RB Wrestling the comeback


This morning looking at the monitoring our RB does not look happy. You can judge yourself on the plot below. It clearly seems that when the submission rate is too high the workload manager can just not eat the jobs fast enough to reduce the queue length. I have asked help from Maarten, we'll see what he come up with. I think I will have a look in the rb code to find out what is going on...

Monday, February 19, 2007

Certificates and Mars

I was worried by the low number of jobs at LeSC. There was not much jobs there.
It is very difficult to get an hold on the output files of failing jobs. Thanks to sge we can find out where it is located
  • qstat -j jobid will print out the std.err and std.out of the jobid given
The problem was:

globus_i_gsi_gss_utils.c:2155: globus_i_gsi_gssapi_init_ssl_context: Error with openssl: Couldn't open bio for reading on file: /homes/lt2-lcg/grid-security/certificates/47d3d1a0.0

and that is because when untarring the files in the certificate directory one of the certificate
was not readable by the lt2-[users]. This is now fixed and I will chase up lhcb to understand
if they can run there without problem.

Wrestling with our RB

We are still observing very long time (several minutes) to have a job going from the waiting state to the scheduled state. This means that the network server of the rb is accepting the job but the workload manager is running out of steam to process it and do the match making.
  • I monitored the rb by looking at the number of entries in the input queue (/var/log/edgwl/workload_manager/input.fl). Checked the number of entries that matches the regular expression ("g$").
  • Plotting the number of entries waiting to be accepted by the workload manager as a function of time. The result is here.

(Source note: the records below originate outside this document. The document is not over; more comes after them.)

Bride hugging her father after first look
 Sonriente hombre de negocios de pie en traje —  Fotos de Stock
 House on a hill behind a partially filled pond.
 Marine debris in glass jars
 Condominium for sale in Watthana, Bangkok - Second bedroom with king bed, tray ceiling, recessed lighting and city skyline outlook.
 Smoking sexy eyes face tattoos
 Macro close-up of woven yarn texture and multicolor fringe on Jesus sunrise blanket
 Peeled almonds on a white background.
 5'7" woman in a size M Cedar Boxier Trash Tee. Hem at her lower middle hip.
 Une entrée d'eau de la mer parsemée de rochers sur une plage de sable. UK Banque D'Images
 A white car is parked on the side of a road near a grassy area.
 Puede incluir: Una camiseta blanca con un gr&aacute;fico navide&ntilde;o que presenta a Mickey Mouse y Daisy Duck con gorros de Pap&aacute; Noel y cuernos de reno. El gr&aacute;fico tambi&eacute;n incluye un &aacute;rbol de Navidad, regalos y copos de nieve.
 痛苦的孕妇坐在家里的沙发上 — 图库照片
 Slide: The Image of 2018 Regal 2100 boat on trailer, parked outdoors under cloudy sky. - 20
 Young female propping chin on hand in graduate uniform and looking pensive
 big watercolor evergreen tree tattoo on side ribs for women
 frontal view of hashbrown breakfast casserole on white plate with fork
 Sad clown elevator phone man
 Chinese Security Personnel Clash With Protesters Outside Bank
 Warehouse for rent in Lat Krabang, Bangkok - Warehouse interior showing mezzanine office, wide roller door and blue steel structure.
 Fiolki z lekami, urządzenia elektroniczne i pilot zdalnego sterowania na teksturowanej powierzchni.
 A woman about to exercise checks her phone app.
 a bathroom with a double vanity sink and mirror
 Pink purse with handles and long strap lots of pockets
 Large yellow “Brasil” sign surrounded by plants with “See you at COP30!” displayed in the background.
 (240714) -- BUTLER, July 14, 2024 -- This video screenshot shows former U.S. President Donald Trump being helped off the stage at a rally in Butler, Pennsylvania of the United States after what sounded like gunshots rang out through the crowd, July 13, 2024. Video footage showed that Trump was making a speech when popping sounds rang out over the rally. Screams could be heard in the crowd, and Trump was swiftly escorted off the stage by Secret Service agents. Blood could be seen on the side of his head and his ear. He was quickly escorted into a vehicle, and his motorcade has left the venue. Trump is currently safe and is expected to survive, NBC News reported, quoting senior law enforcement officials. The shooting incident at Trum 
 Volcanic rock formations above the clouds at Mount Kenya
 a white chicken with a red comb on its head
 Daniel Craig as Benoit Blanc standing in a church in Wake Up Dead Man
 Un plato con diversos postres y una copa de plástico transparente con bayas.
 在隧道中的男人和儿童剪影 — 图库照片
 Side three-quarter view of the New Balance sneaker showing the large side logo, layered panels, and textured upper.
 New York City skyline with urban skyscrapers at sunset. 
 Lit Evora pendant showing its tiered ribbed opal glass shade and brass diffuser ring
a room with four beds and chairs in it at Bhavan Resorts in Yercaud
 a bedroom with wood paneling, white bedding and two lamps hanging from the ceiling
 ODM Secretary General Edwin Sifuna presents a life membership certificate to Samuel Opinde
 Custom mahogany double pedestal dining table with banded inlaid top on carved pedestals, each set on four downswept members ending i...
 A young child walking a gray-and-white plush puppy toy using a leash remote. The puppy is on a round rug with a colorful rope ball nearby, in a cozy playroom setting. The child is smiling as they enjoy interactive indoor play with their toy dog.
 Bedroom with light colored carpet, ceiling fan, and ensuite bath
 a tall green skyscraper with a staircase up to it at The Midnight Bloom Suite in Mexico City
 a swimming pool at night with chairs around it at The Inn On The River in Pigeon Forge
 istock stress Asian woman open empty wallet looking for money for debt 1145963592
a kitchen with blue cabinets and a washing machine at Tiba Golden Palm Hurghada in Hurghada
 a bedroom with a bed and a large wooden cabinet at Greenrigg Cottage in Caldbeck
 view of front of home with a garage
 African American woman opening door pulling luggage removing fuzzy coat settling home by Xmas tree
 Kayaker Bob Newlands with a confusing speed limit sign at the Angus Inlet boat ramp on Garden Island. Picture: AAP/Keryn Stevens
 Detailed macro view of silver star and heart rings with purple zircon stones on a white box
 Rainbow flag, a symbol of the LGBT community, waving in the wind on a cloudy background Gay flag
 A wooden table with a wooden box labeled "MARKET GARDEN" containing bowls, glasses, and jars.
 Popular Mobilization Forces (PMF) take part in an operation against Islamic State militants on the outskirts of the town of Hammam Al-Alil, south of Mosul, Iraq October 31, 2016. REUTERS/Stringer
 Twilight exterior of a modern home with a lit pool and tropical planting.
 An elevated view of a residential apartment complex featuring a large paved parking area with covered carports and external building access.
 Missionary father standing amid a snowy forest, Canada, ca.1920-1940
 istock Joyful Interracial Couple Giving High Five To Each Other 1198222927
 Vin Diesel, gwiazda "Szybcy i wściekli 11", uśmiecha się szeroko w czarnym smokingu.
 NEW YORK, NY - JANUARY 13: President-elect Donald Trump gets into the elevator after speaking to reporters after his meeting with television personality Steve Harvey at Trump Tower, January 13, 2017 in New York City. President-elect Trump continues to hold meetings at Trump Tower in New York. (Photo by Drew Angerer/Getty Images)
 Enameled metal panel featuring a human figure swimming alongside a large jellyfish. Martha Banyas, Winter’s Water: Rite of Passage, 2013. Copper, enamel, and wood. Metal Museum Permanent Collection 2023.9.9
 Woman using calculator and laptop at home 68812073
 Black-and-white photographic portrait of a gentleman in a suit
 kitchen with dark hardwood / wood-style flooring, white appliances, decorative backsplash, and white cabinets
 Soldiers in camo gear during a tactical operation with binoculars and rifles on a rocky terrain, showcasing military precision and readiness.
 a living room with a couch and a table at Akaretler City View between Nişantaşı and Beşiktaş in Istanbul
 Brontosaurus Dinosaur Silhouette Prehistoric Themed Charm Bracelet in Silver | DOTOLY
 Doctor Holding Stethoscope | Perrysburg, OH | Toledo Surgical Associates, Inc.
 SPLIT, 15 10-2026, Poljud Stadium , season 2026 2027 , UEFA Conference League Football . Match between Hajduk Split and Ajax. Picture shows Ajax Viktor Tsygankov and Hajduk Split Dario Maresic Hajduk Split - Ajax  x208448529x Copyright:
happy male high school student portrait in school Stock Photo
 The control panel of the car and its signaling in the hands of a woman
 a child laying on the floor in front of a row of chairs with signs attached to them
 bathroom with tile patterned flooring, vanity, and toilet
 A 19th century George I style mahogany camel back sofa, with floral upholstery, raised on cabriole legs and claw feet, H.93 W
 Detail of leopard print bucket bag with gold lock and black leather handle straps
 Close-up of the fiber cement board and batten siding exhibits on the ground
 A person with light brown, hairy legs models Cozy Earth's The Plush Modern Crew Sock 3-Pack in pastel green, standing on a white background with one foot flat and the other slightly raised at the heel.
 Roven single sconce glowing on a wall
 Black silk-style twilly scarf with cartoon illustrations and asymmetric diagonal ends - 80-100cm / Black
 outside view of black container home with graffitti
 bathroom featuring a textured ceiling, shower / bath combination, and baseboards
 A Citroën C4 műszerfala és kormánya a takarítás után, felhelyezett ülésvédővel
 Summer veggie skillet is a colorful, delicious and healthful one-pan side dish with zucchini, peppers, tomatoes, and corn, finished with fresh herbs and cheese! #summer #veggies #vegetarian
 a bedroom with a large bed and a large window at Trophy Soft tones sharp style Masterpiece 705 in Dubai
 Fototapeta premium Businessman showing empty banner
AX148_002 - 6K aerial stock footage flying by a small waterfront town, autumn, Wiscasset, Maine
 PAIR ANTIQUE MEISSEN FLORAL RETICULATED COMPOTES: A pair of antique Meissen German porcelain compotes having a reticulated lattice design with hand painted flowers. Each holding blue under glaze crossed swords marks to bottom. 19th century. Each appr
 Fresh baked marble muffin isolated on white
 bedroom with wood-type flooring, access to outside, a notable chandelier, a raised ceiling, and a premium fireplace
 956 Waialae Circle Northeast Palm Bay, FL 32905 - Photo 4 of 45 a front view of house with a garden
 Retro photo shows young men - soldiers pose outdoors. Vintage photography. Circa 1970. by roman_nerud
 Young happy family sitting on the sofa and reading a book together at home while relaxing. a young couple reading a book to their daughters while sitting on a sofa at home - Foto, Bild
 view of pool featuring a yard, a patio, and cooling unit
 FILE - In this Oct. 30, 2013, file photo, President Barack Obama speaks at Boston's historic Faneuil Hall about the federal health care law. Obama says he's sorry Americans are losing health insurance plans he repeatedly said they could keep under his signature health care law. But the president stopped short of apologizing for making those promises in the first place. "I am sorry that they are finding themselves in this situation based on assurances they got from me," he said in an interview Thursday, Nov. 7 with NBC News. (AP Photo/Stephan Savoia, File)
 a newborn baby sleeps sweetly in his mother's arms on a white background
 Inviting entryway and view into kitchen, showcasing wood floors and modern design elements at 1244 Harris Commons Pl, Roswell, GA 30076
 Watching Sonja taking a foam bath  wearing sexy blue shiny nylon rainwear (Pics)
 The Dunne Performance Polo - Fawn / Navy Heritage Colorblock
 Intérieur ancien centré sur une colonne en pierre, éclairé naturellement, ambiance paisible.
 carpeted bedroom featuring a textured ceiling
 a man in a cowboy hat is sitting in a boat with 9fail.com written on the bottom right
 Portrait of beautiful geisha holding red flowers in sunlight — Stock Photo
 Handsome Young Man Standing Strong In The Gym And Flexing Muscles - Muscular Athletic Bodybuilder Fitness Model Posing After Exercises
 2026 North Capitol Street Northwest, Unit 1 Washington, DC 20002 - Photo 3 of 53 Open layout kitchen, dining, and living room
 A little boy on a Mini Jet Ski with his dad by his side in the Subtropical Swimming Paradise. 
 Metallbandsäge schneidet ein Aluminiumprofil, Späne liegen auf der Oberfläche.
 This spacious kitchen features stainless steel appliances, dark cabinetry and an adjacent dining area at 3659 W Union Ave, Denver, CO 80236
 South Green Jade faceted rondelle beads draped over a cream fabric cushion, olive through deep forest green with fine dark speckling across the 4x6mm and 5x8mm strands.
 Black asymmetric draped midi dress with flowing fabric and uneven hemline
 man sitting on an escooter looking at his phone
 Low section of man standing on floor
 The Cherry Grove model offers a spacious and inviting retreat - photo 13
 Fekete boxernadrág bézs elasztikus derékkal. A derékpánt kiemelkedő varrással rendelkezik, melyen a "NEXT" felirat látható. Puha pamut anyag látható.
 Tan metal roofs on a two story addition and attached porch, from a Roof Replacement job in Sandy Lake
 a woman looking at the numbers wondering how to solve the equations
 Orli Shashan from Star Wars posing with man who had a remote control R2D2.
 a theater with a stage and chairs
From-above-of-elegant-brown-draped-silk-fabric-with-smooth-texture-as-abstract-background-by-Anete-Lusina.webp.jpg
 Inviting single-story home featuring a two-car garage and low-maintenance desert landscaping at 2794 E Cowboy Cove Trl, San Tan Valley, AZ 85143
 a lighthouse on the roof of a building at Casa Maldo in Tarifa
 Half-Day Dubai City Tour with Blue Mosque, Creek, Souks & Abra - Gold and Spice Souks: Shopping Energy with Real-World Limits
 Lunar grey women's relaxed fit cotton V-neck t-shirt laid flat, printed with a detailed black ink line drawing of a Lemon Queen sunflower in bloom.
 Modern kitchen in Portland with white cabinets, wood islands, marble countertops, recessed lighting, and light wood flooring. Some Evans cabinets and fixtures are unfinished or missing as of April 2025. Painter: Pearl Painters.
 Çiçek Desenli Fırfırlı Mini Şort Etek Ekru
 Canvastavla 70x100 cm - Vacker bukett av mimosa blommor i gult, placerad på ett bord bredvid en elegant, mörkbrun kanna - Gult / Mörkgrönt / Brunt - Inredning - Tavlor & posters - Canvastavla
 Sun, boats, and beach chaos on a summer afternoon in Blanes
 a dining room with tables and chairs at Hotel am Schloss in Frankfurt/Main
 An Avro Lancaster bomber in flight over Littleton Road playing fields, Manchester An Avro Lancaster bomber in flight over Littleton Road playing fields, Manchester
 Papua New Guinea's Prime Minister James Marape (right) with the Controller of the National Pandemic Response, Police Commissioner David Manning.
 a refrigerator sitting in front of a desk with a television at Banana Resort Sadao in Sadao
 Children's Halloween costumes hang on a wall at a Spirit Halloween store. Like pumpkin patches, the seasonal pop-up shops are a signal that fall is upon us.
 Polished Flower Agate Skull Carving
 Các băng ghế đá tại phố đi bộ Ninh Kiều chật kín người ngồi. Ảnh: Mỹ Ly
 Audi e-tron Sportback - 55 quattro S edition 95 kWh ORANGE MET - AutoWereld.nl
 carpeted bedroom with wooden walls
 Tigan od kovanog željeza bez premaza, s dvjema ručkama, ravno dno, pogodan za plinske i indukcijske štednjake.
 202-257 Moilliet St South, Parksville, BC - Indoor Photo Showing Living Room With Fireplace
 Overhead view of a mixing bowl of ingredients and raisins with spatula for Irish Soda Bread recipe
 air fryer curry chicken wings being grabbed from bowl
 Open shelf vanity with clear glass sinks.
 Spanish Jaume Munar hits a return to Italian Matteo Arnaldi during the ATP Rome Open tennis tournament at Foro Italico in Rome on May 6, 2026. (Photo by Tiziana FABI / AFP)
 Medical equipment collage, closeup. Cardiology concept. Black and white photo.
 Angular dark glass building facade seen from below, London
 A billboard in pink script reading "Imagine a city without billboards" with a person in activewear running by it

The left scale (blue dots) is the number of jobs waiting to be matched. The right scale (red dots) is the number of jobs submitted per unit of 10 minutes

  • You can see a clear drop at the end of the x range. I think this is because I have reduced the number of threads for the network server and increased that number for the workload manager. The file to look at is /opt/edg/etc/edg_wl.conf .
    • For the NetWorkServer:
      • MasterThreads = 4;
      • DispatcherThreads = 6;
    • For the WorkLoadManager
      • NumberOfWorkerThreads = 10;
I will continue to monitor it during the night because the drop is not fully understood. Maybe it is the cms production that has slowed down and is giving some air to the rb.

Monday, February 12, 2007

Resurrection of the Blog

ICT the Grid

Today we are back in business with ICT to get their cluster on the Grid.
  • They will provide one machine and install RHEL3 i386 so that we don't have the RHEL4 problem.
  • We have to find out how to modify the information system since they are running pbspro which does not have exactly the same commands as pbs.
  • They will create the pool accounts and we have yet to make sure that we can run prolog scripts to get the lcg environment correct
QMUL
  • Atlas cannot install the tags. They tried to install the new software but it is not published correctly.
  • Maybe this is because we are publishing another subcluster to publish the 64 bit queues. I'll make a wiki entry with explanations how this was done. The dynamic information does not seem to be correct though.
Imperial Hep
  • Mona has enabled camont and total on our rb. We now need a site to test it and we also need to enable it on the lesc and ic-hep ce.